(Reuters) - Federal authorities have released a Congolese woman seeking asylum with her daughter in the U.S. after she accused the Trump administration of unfairly separating immigrants like herself from their children, her lawyer said on Tuesday.
The woman, referred to in her lawsuit only as Ms. L, was “abruptly released” after she was detained in San Diego and her 7-year-old daughter was sent by federal authorities to Chicago four months ago, the American Civil Liberties Union said in a statement.
“We hope that she’ll be reunited with her daughter immediately. And we will continue fighting this horrific nationwide practice, because this mother is hardly the only asylum seeker who has had his or her child taken,” said ACLU attorney Lee Gelernt, who is representing the woman in court.
The ACLU said the woman had brought her daughter to the United States to escape violence in the Democratic Republic of Congo.

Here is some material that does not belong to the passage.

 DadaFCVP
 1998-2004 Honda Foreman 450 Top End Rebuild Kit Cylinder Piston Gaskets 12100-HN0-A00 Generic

The woman filed a lawsuit in the United States District Court Southern District of California on Feb. 26, claiming that the Trump administration violated her constitutional due process rights, a federal law protecting asylum seekers and the government’s own directive to release asylum seekers, court documents showed.
People seeking asylum in the United States are interviewed by an asylum officer, and if they are found to have credible fear of returning home, they can remain in the country to pursue their claims in immigration court.
Court challenges have led to limits on the amount of time children can be kept in immigration detention, and the government has often decided to release parents along with their children to await resolution of asylum cases.
Attorney General Jeff Sessions has criticized the asylum process as rife with fraud. The administration has floated the idea of separating families at the border in an attempt to deter their migration.
“This is not a one-off case,” Gelernt said at the time the lawsuit was filed. “We are hearing there are dozens if not hundreds of cases around the country. And the Administration is threatening to do even more family separation.”
The lawsuit said Ms. L. and her daughter hid in a Catholic Church in her strife-torn homeland before deciding to risk a journey to the United States.
She explained to border officials in broken Spanish that she was seeking asylum and since Nov. 1 has been held at the Otay Mesa Detention Center. Four days after their arrival, her daughter was transferred to the Office of Refugee Resettlement, which houses and places children that arrive on the border alone.